【フローラS】ルレーヴ、エアグルーヴ同門対決に藤沢和師自信「東京いいと思う」

2020年4月22日 05:30

レッドルレーヴ 

 東京日曜メインはオークスTR「第55回フローラS」。2枚の樫切符を懸けた一戦に良血馬が多数エントリー。中でも平成の名牝エアグルーヴを母系に持つレッドルレーヴとスカイグルーヴの直接対決は見応え十分だ。祖母がエアグルーヴのレッドルレーヴは父キングカメハメハ、母の父ディープインパクト。昨夏急死した“二大巨頭”も名を連ねる平成競馬の結晶とも言える血統。名門の誇りを胸に、祖母が躍動した樫の舞台を見据える。

 関東の名門・藤沢和厩舎がオークスを見据えて送り込むのが良血レッドルレーヴだ。祖母はエアグルーヴ。母ラストグルーヴは1戦1勝で繁殖入りしたが、11年セレクトセールで3億6000万円(税抜き)で落札された期待馬だった。藤沢和師はエアグルーヴ一族の印象について「遅咲きの馬が多いんじゃないかな。あと距離が延びて良くなるタイプも多い」と評する。ルレーヴも例に漏れず。「こういう血統だからじっくり育てている。(生産した)ノーザンファームにとっても特別な血統。走ってもらわないと困るという思いは同じだよ」

 デビュー戦は昨年10月の東京2000メートル。2着に敗れたが、師は「強いメンバーだったから。牡馬相手によく食い下がっていたよ」と振り返る。勝ったのはサトノクラウンの半弟フィリオアレグロ。後に弥生賞を勝ち、皐月賞5着のサトノフラッグには大きく先着した。桜花賞は当初から眼中になく、2000メートルで続戦して2戦目で初勝利。「まだ馬が若いからね。オークスというよりは、まずフローラS。そういう気持ちでやってきた」と師は話す。

 期待が大きいがゆえに、前走フラワーCの2着には不満も残った。「タイミング悪く他馬に外から来られたし、最後も甘かった。中山は上手じゃない」。一定の擁護はしつつも「できれば重賞を一つ勝ってから、この舞台に臨みたかった」と本音も口にした。一方で「東京はいいと思う。素直な馬で調整は凄く楽。体が大きい馬ではないが、それでも少しずつ体重は増えているから」と、愛馬のポテンシャルに信頼を寄せる。

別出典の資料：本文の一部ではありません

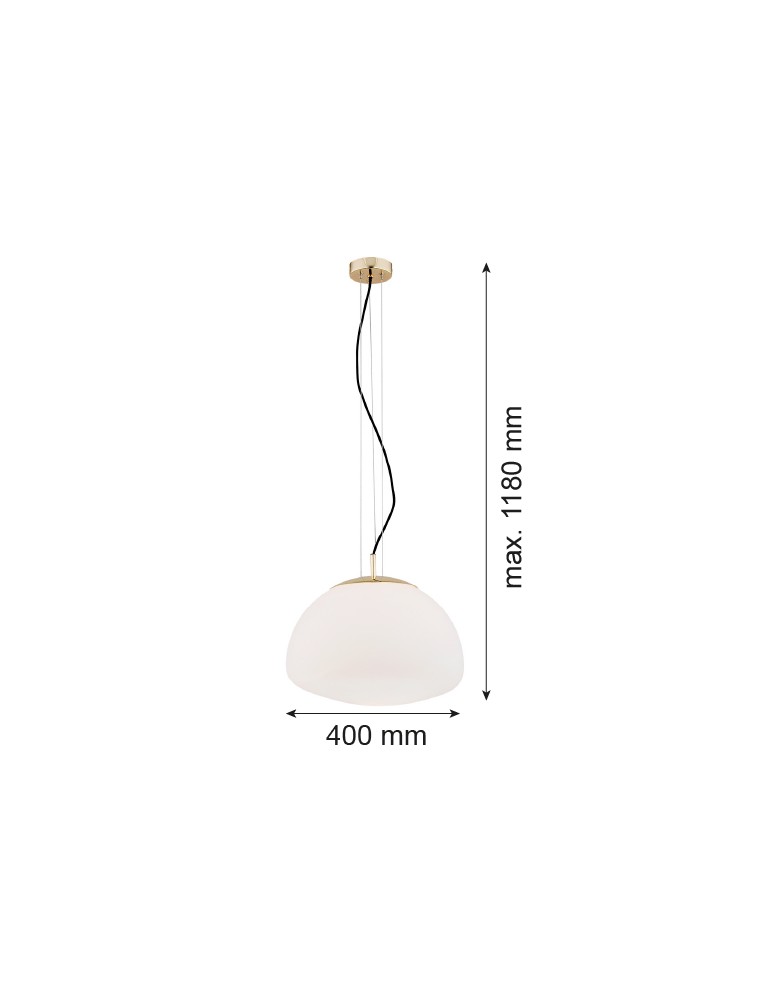Single pendant lamps - Argon TRINI pendant lamp 1 pł. L 1x15W (max) opal mat brass elements 4317 - product kolory-swiatla.pl 3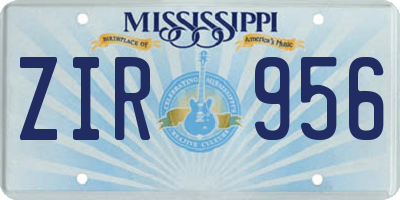 MS license plate ZIR956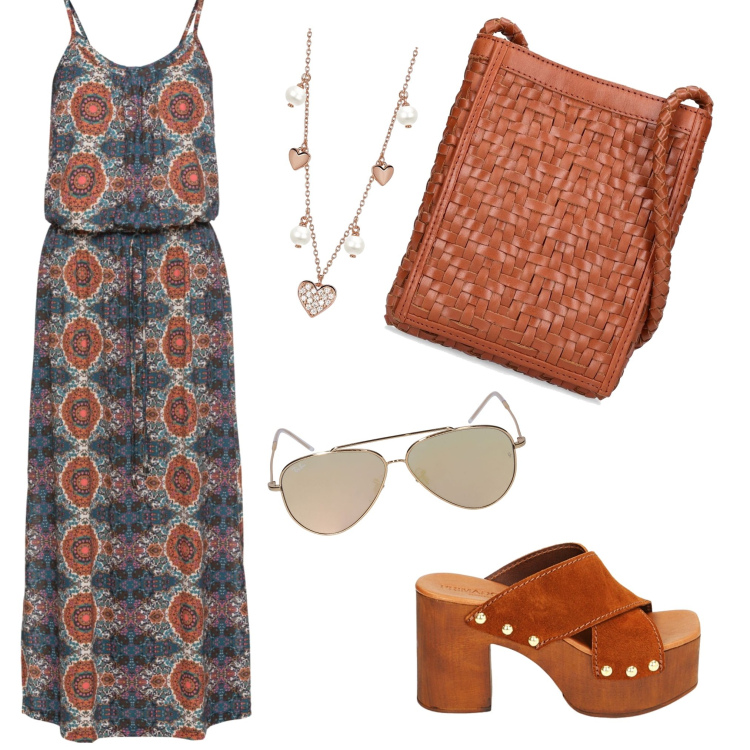 Outfit donna - Comoda. Stile Casual per Tutti i giorni. Abbinamento con vestiti lunghi, collane, sandali col tacco, occhiali da sole, borse a spalla.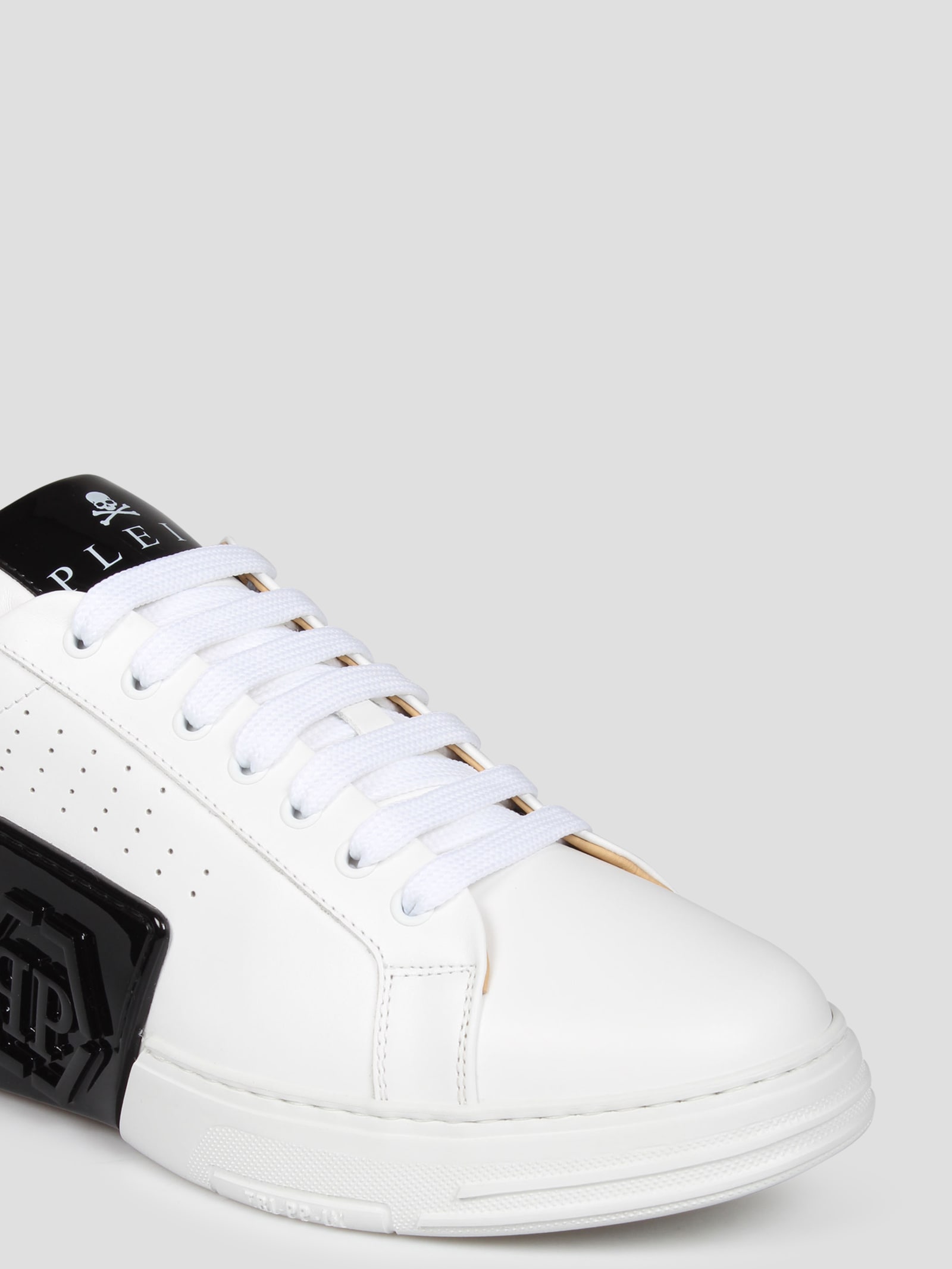 Shop Philipp Plein Mix Leather Lo-top Sneakers Hexagon In White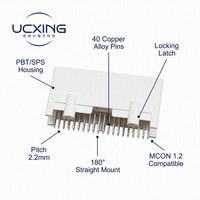 Conector WX 1376113-1 de 40 Pines, Contactos de Aleación de Cobre 180, Adaptador Macho de 12V CC, Carcasa Rectangular de SPS/PBT, 2.5A para Control Electrónico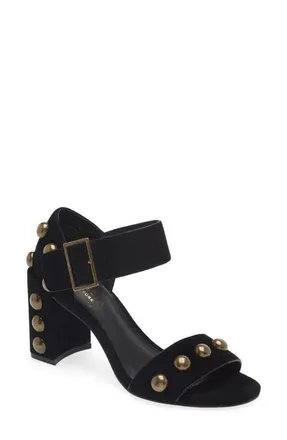Cecelia New York Gail Stud Sandal in Black Suede at Nordstrom, Size 6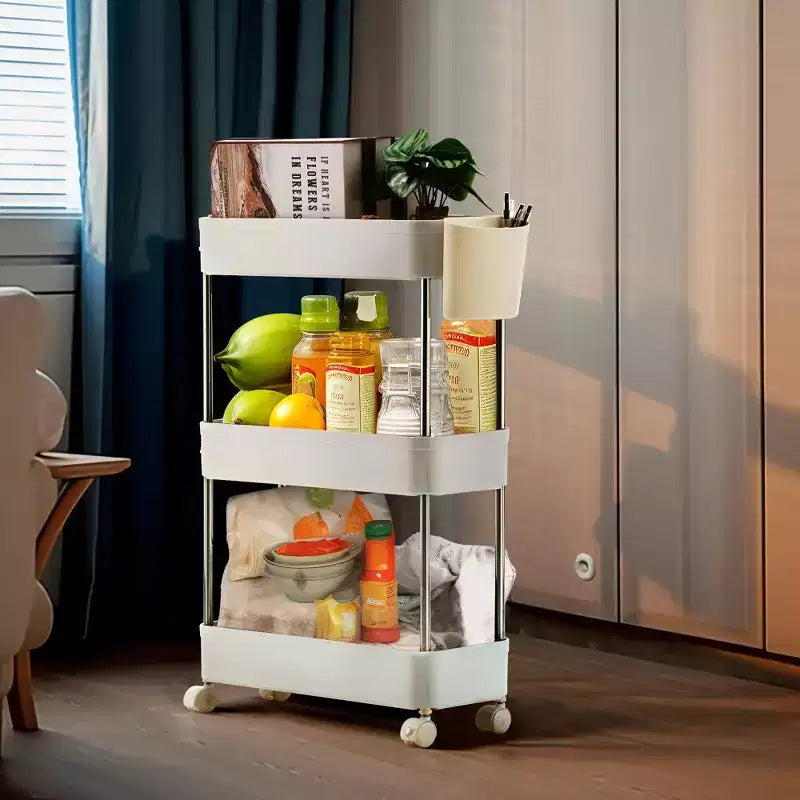 3/4 Tier Rolling Cart, Utility Cart for Kitchen Storage, Mobile Shelves Slide-Out Organizers with 2 Lockable Wheels &amp; Hooks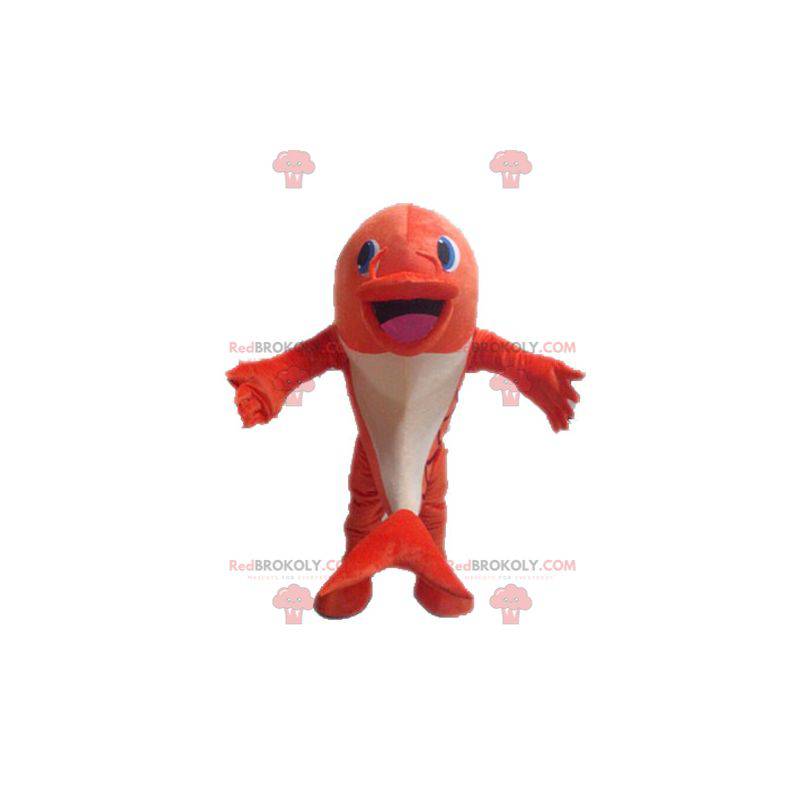 Orange og hvid fiskemaskot. Delfin maskot - Redbrokoly.com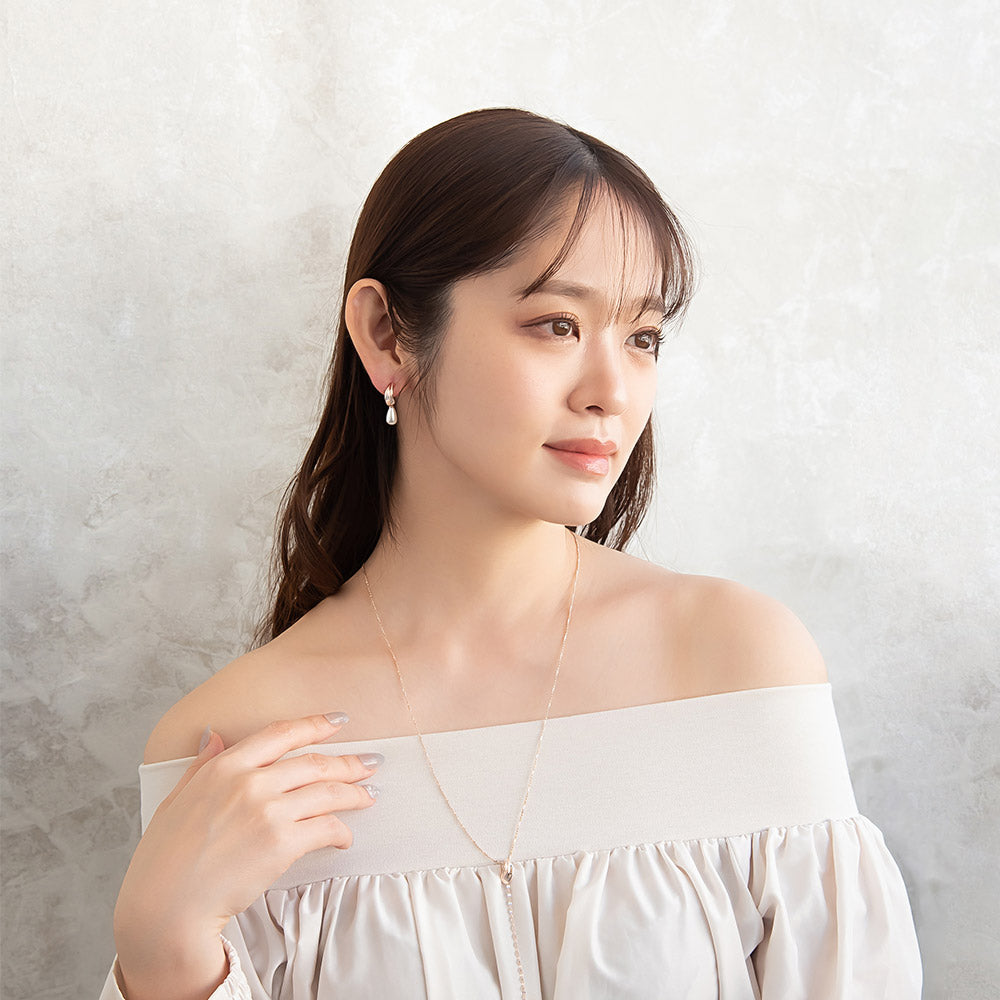 ピアス ニッケルフリー ロゼシルバー メタル カーブ ライン プレート ドロップ パール チタンポスト ドロップピアス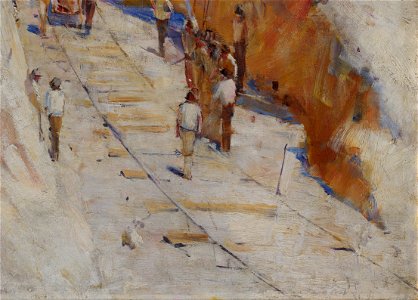 Arthur Streeton - Fire's on - Google Art Project-x1-y2. Free illustration for personal and commercial use.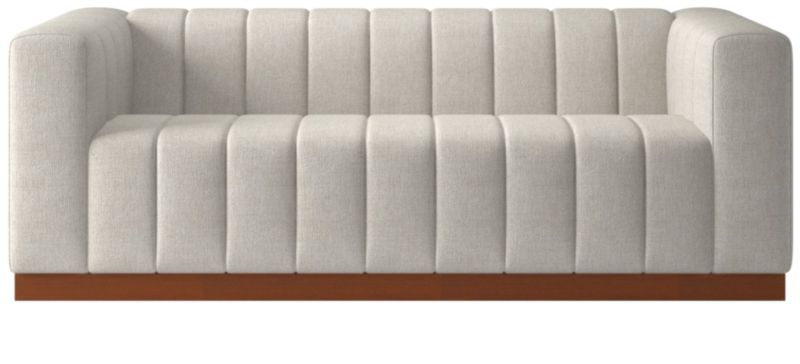 Forte 81" Channeled Sofa with Walnut Base Deauville Dune - image 0 of 9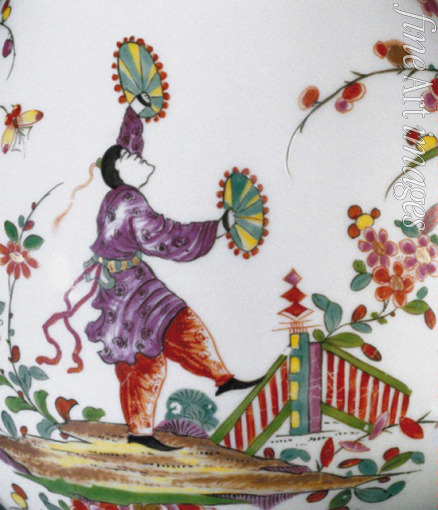 Stadler Johann Ehrenfried (School) - Chinese making music in a garden landscape, Detail of a pot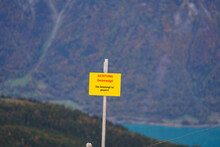 Aerial View From Axalp At Bernese Highlands To Lake Brienz With Yellow Warning Sign With Text Goat Pathway Closed On A Cloudy Autumn Day. Photo Taken October 19th, 2021, Brienz, Switzerland.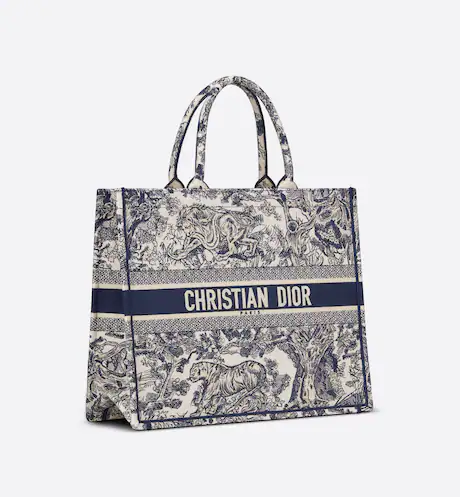 LARGE  BOOK TOTE Blue Toile de  (42 x 35 x 18.5 cm)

 「今回も強い馬がいるし、桜花賞から(オークスに)来る馬はやはり強い。まずここでどんな競馬をするか。先のことはそれから」。将来性を高く評価しているからこそ、慎重に、入念に見定めながら、まずは春の最初の目標に挑む。

 【97年天皇賞・秋を制し年度代表馬】エアグルーヴは牡馬と激闘を繰り広げるその姿から「女帝」と呼ばれた。伊藤雄二厩舎から95年にデビューし、96年オークスで母ダイナカールとの母娘制覇を達成。4歳以降は果敢に牡馬に挑戦して97年天皇賞・秋を制し、80年プリテイキャスト以来17年ぶりに牝馬の天皇賞馬に。牝馬として26年ぶりに同年の年度代表馬に選ばれた。通算19戦9勝、重賞7勝。

 繁殖牝馬としても初子のアドマイヤグルーヴがいきなり03年エリザベス女王杯を勝ち、12年クイーンエリザベス2世C勝ちのルーラーシップなど活躍馬を送り出した。20歳だった13年、産駒で唯一現役のショパン(牡7=角居)を出産した後に内臓出血を起こしてこの世を去った。